We're used to buy most things we want when we want. To boot, every item in our basket has to look good. It's not exactly ecological behavior. But a growing sustainable consumption trend is raising awareness.
Worldwide, billions of tons of food ends up in trash cans and rubbish dumps each year. It's either tossed aside by us consumers or the supermarkets where we shop. But much of what is thrown away is still edible. The food piles up in dumpsters because it could not be sold quickly enough and had to make way for follow-up supplies waiting to fill store shelves. Sometimes fruit and vegetables are discarded simply because they don't meet our exacting standards of food beauty. We - supermarkets and customers - have become used to this kind of consumption.
But in recent years, a number of campaigns have declared war on excessive food waste and mindless consumption in favor of something more sustainable. "Consume with Care" is the motto for this year's World Environment Day, so Global Ideas has collected five such ecological projects, some of which have been running successfully for years.
1.) French supermarkets can no longer throw away produce
Just recently, France banned large supermarkets from throwing away unsold but edible food. Products past their best-before date and bruised fruit are not necessarily unfit for human consumption, the authorities claimed. A lot of food ends up in dumpsters each year in France. Each French person will throw away about 30 kilograms a year, totalling about 20 billion euros worth of food altogether. Compared to some European neighbors, the number is relatively low. More wasteful Germans bin 82 kilograms each annually. Now, French supermarkets will have to donate the surplus to charities.
#DYK: Best-before dates are advisory and food kept after the date is not necessarily harmful but may begin to lose flavor and quality. The term "use by" indicates a food may no longer be safe to eat beyond a specified date.
2.) A new lease of life for old bread: Second Bäck
Vesta Heyn follows a similar approach with her "Second Bäck" store. The Berlin-based company offers "old" bread that is still fine to eat. The bread and baked goods are leftover from the day before and come from a dozen bakeries in the city. Heyn has been running her business for 15 years now, long before sustainability and recycling became fashionable.
3.) Waste foodie
Food destined for the bin can even be turned into haute cuisine without spoiled foodies detecting the difference. The
in the British city of Leeds is a good example. The chefs here also collect goods that would otherwise be dumped, turning them into healthy and nutritious meals for everyone, the project managers say. The project works on a "pay what you can or want" basis.
#DYK: According the United Nation's Food and Agriculture Organization, one-third of food produced for human consumption is lost or wasted globally, amounting to about 1.3 billion tons per year. Ten percent of rich countries' greenhouse gas emissions comes from growing food that is never eaten.
4.) Ugly food
As the old saying goes, "we eat with our eyes." If the flawless fruit and vegetables in the supermarket fresh produce section are anything to go by, perhaps it's true. Misshapen or dented apples and carrots don't make it to store shelves and are discarded instead. But some are trying to change our perceptions of "ugly" fruit and veg. Last year, French supermarket chain Intermarché brought fruit that hadn't passed the beauty test. The company sold fruit at 30 percent cheaper than its better-looking counterparts, either whole or processed into soups or juices.

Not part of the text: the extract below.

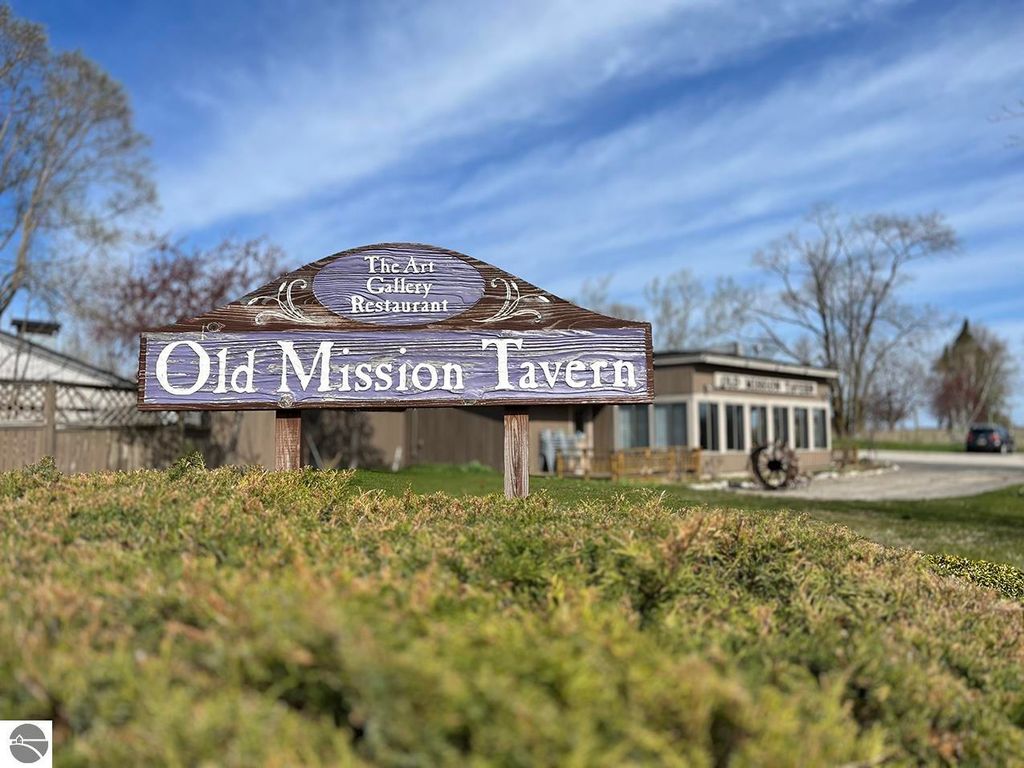 Photo of 17015 Center Road, Traverse City, MI 49686 (MLS # 1922170)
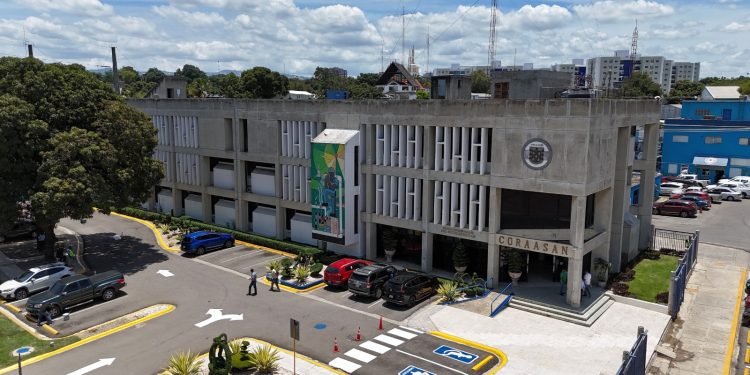 Coraasan anuncia licitación para fortalecer el sistema de agua potable en Jacagua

follow a similar approach. The company is putting "ugly but interesting" food back on our plates in a bid to increase acceptance of freaky fruit and veg.
5. Urban Gardening
Agriculture in cities has been around for as long as cities have existed. This so-called urban farming comes in many shapes and sizes. Sometimes urbanites may jointly lease an area to grow food there.
Others use guerilla gardening to green city wastelands. Even the old idea of allotment gardens, where city residents - tired of the rat race - use their weekends to grow cucumbers and turnips, is part of this urban agricultural movement. In perhaps a more updated version of the allotment, rooftops are also being used to grow and harvest tomatoes and other produce.
Urban agriculture not only provides food but brings with it other benefits, including better air quality. That's because the trip from producer to consumer is much shorter, meaning fewer pollutants are spewed into the sky. It perhaps also helps to raise awareness among city-dwellers - so far removed from the farm - of how much effort it takes to get products to the supermarket. The 800 million people who practice urban agriculture worldwide can't be wrong.
#DYK: Fruit and vegetables lose up to 50 percent of nutrients on the way from the ground and tree to the supermarket shelf. Urban farming shortens the trip, meaning products are more nutritious.